The Map plots associated longitude and latitude data found for each record in the data set. The default layer is a clustered view of records which change when the map is zoomed in or out, and are coloured according to the proportion of selected records in that cluster. Marker clusters can be selected directly (right mouse-click) or otherwise the circle/rectangle/polygon shape selectors used to select records within areas of the map. There is a second layer of points showing every individual record position on the map that can be activated, but on this layer the individual points cannot be selected, the shape selectors must be used.

Taxa Distribution

The taxa distribution view is a bar chart like the timeline view. Here though the view is of the number of immediate sub-taxa of each taxon. Normally, this follows a hollow curve distribution: most taxa have relatively few immediate sub-taxa, while a few taxa have many immediate sub-taxa. This view can show whether a catch-all taxa has been implemented within the taxonomy.

Missing Data Check

A simple tabular display of which fields are empty across the record set. Sub-divided into missing data by view as well, it can show if a particular type of data has been omitted.

Record Details

A simple input that takes a record ID and outputs the associated fields in a table. If the table contains other IDs these can be clicked to see the details for that record.

Search Box

Another simple input that searches the field used as the 'label' for the taxa (selected when the data set was loaded). It scans and selects every record that has a partial 'label' match with the input string so can be used to find known taxa quickly. It also operates on synonyms and specimens as well. The Keystroke Search checkbox is best unticked in large data sets for speed reasons.
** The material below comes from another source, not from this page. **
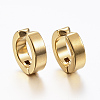 304 Stainless Steel Clip-on Earrings EJEW-H351-18-2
As well as launching other views, this widget serves a couple of special purposes accessed through its other sections. The second section (Current Selections) has options for manipulating the current selection. Invert and Clear are self-explanatory. Save takes advantage of the HTML5 FileWriter API if present to output the IDs of currently selected records to another browser tab. These can then be saved for use in an external application.

The third section (Taxonomy Comparison) in this control contains a single button. Pressing it marks this taxonomy as in preparation for a name-based comparison with another taxonomy (VESPER can have several data sets open at once, memory is the ultimate barrier to the number and size). In the other taxonomy's Controls view open the same section and select this button to compare the two. It works by matching stems between the two name sets, and as a result is not 100% accurate, and not to be taken as a replacement for taxonomic name reconciliation services. However, as a quick quality guide it can rapidly compare large data sets.